Gilberto Gil Performs at the Byham Theater


FOR IMMEDIATE RELEASE
Today's date: October 18, 2012
Contact: Diana Roth, (412) 471-8717, roth@trustarts.org


Gilberto Gil 
Thursday, November 15, 2012, Byham Theater 

Pittsburgh, PA:  The Pittsburgh Cultural Trust presents Brazilian singer, guitarist, and songwriter, Gilberto Gil, at the Byham Theater on Thursday, November 15, 2012, at 7:30 p.m. Gilberto Gil is known for both his musical innovation and political commitment. He is one of the first artists to lead the ‘Tropicalia’ music movement. Gil’s music has modernized Brazilian popular music and his style blends an eclectic range of influences including rock music and Brazilian genres like samba, salsa,bossa nova, and African music and reggae. His performance is highly praised by Variety, “There may have been one man onstage, but there was enough warmth, love, intelligence and sheer talent on display to power an orchestra.”

Gil’s For All Tour will feature the folkloric, celebratory, Baião music of Northeast Brazil; accompanied by guitarist Sergio Chiavazzolli, drums player Jorge Gomes, bass player Arthur Maia, accordionist Toninho Ferragutti, violin player Nicholas Krassik and percussionist Gustavo Di Dalva. Their performance reinvents old classics, and presents new songs such as "Fé na Festa", o "Livre Atiradore a Pegadora", from Gil’s new album (Fé na Festa) all dedicated to Baião. This tour has been greatly praised: The New York Times wrote, “He played delicate bossa novas, strummed rockers and intricate sambas; he crooned, whispered and whooped, equally at home in the fast patter of a samba or the curvaceous contours of a ballad…” While the LA Times said, “The prevailing tone of Gil’s songs is a ruminative sweetness, albeit one achieved via brainy harmonic and melodic gambats…”
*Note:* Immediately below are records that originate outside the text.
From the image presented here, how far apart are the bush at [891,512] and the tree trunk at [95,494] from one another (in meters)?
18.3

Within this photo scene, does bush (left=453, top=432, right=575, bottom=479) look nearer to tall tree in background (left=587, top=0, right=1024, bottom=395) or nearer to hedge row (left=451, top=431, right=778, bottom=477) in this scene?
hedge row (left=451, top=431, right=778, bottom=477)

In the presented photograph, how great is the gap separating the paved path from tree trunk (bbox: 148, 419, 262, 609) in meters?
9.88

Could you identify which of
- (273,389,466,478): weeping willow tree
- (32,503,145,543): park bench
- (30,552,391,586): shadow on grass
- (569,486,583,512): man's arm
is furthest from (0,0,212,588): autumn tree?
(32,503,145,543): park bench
For information and tickets ($30.00 - $53.00), visit www.Trustarts.org, call (412) 456-6666, or in person at Theater Square Box Office, 655 Penn Avenue. To purchase 10 or more tickets at discounted rates, please call (412) 471-6930. The performance is a part of the Cohen & Grigsby Trust Presents series presented by The Pittsburgh Cultural Trust.


With 52 albums released, Gilberto Gil has 12 gold records, 5 platinum albums, 7 Grammys and more than 4 million records sold. Gil has been honored by several entities and personalities and has also received many prizes in Brazil and abroad such as The Polar Prize in 2005. Gil’s recent album Fé na Festa was released in 2011. He is a unique composer powered by immense talent and curiosity, and a musical ambassador powered by firm cultural conviction.

Gil was born in Salvador, Brazil and was interested in music from a very young age. After experimenting musically during his teens, he settled on the guitar as his main instrument and wrote songs that reflected his focus on political awareness and social activism. He began collaborating with artist Caetano Veloso in 1963 and together they created the genre Tropicalism. This new music style was radically innovative-mixing native styles with rock and folk instruments. Because of Gil's experimenting with music and fusing samba, salsa, and bossa nova with rock and folk music, he's recognized today as one of the pioneers in the World Music genre.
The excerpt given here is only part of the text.